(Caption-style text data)
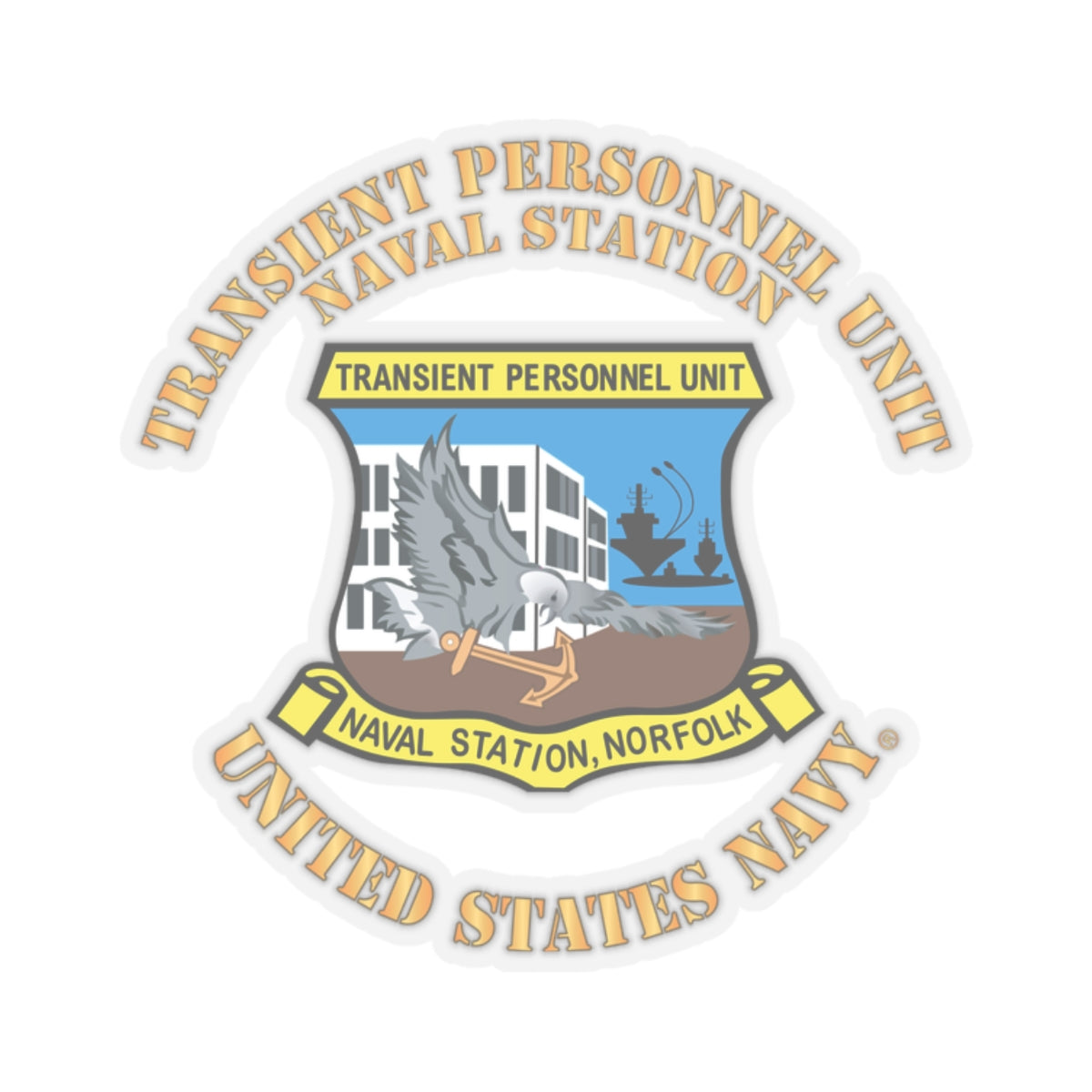 Kiss-Cut Stickers - Navy - Transient Personnel Unit - Naval Station Norfolk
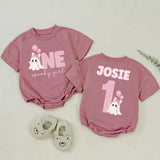 Personalized Pink Gingham 'Spooky One' Halloween Romper & Matching Family Shirts for Baby, Toddler, Kids, Mom & Dad - Soft Cotton Outfit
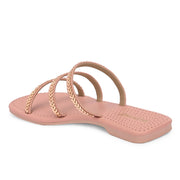 Women Triple Strap Ethnic Flats (W-SHI-113-NUDE)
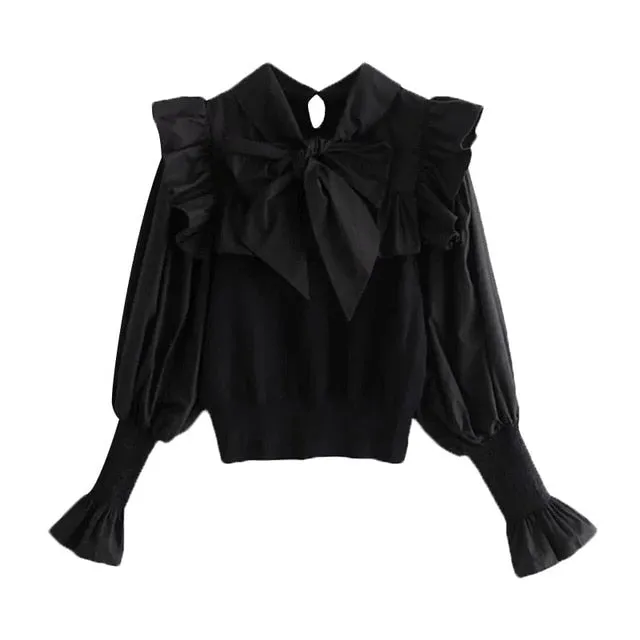RUFFLED TRIMS BLOUSE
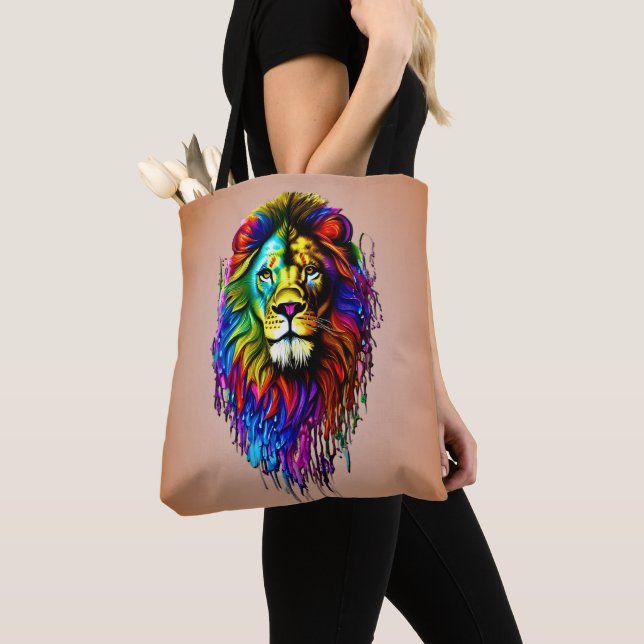 Colourful Paint Drip Lion     Tote Bag (Close Up)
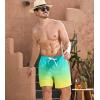 imageSILKWORLD Mens Swimming Trunks 2 in 1 Quick Dry Bathing Suit Elastic Waist Beach Shorts with Zipper PocketsYellow Green Gradient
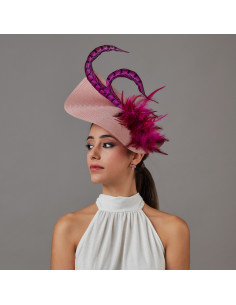 Fuchsia large fascinator hat - Wedding hats for women - 1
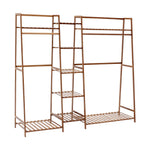 Trapezoid Bamboo Garment Rack With Tiered Storage Shelves | Brown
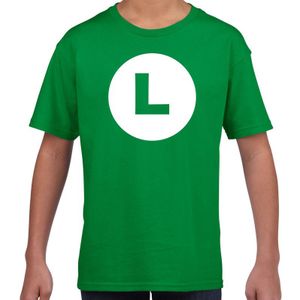 Luigi loodgieter verkleed t-shirt groen voor kinderen - carnaval / feest shirt kleding / kostuum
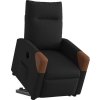 Elektrické zvedací polohovací křeslo textil [3324024] (Barva Černá)
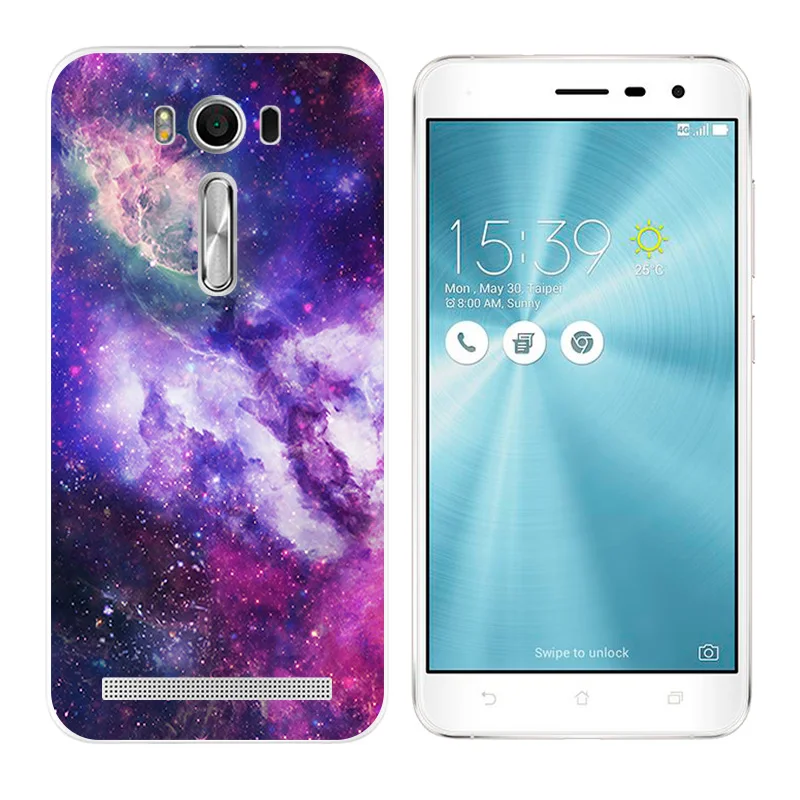 Phone Case for Asus ZenFone 2 Laser ZE500KL Silicon Back Cover 5.0 inch Cat Landscape Printing |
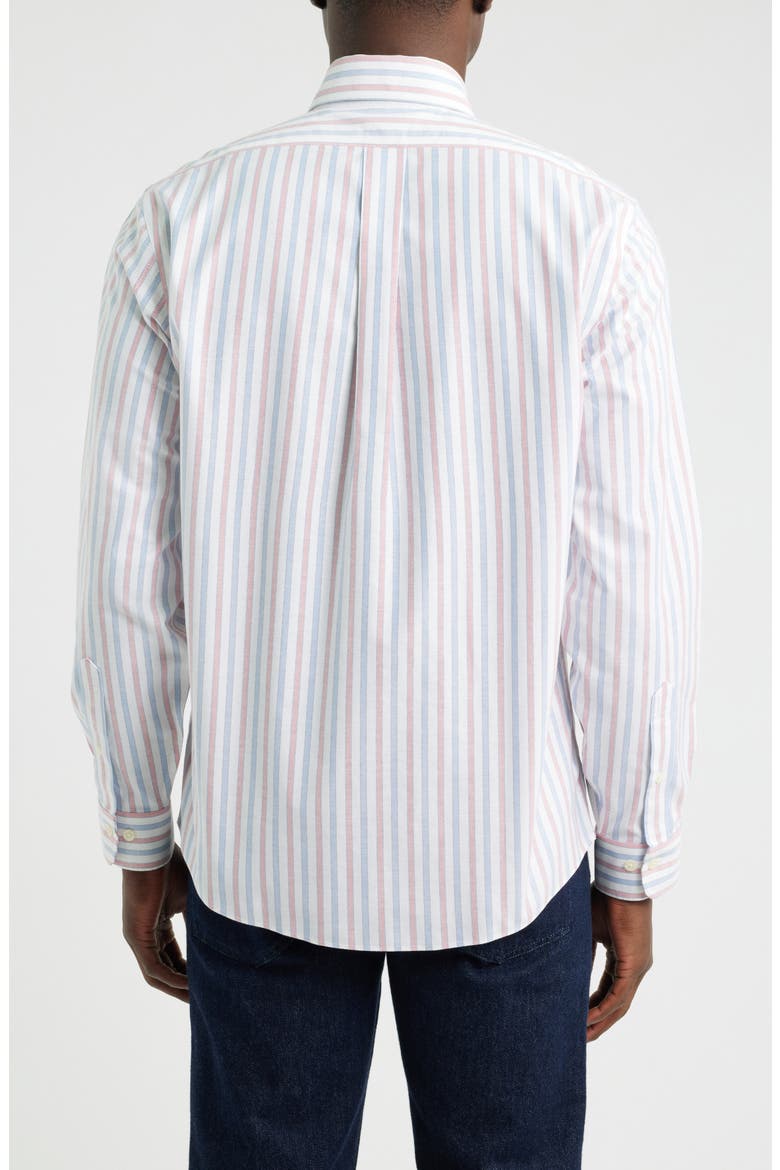 Stripe Non-Iron Oxford Cotton Button-Down Shirt, Alternate, color, BLUE RED OUTLINE STRIPE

ABOUT THIS TASK
Final stretch of the data: repeat exactly each line from the one containing "Phone Case for" through the last, and omit all pictures.

SOLVED EXERCISE
 Phone Case for Asus ZenFone 2 Laser ZE500KL Silicon Back Cover 5.0 inch Cat Landscape Printing |
 Stripe Non-Iron Oxford Cotton Button-Down Shirt, Alternate, color, BLUE RED OUTLINE STRIPE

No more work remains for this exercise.